[Stored records]
_ _ _ _

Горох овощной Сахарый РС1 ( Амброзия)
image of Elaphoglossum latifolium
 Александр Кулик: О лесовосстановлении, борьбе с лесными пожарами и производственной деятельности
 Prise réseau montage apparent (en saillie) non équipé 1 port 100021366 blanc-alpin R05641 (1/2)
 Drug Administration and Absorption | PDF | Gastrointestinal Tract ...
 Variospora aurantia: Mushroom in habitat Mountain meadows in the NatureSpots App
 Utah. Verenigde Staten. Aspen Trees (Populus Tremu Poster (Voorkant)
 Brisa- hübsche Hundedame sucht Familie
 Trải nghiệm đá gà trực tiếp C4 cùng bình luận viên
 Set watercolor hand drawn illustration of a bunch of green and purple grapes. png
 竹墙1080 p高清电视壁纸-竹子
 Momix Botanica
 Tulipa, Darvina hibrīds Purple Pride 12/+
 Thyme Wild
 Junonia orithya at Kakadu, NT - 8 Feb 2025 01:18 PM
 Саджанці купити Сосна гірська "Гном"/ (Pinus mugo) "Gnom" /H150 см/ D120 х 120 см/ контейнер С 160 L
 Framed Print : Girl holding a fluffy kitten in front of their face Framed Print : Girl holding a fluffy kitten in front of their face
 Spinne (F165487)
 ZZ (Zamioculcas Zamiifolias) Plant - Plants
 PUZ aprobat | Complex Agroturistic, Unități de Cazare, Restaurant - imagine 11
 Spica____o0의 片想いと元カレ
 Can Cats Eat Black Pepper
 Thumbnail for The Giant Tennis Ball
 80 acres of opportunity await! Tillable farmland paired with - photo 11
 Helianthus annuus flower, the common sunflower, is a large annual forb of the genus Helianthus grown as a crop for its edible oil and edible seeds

_ _ _ _

PROBLEM DETAILS
Reproduce only the lines above spanning from the line containing "Prise réseau montage" through the line containing "Trải nghiệm đá", word for word.

TASK OUTPUT
 Prise réseau montage apparent (en saillie) non équipé 1 port 100021366 blanc-alpin R05641 (1/2)
 Drug Administration and Absorption | PDF | Gastrointestinal Tract ...
 Variospora aurantia: Mushroom in habitat Mountain meadows in the NatureSpots App
 Utah. Verenigde Staten. Aspen Trees (Populus Tremu Poster (Voorkant)
 Brisa- hübsche Hundedame sucht Familie
 Trải nghiệm đá gà trực tiếp C4 cùng bình luận viên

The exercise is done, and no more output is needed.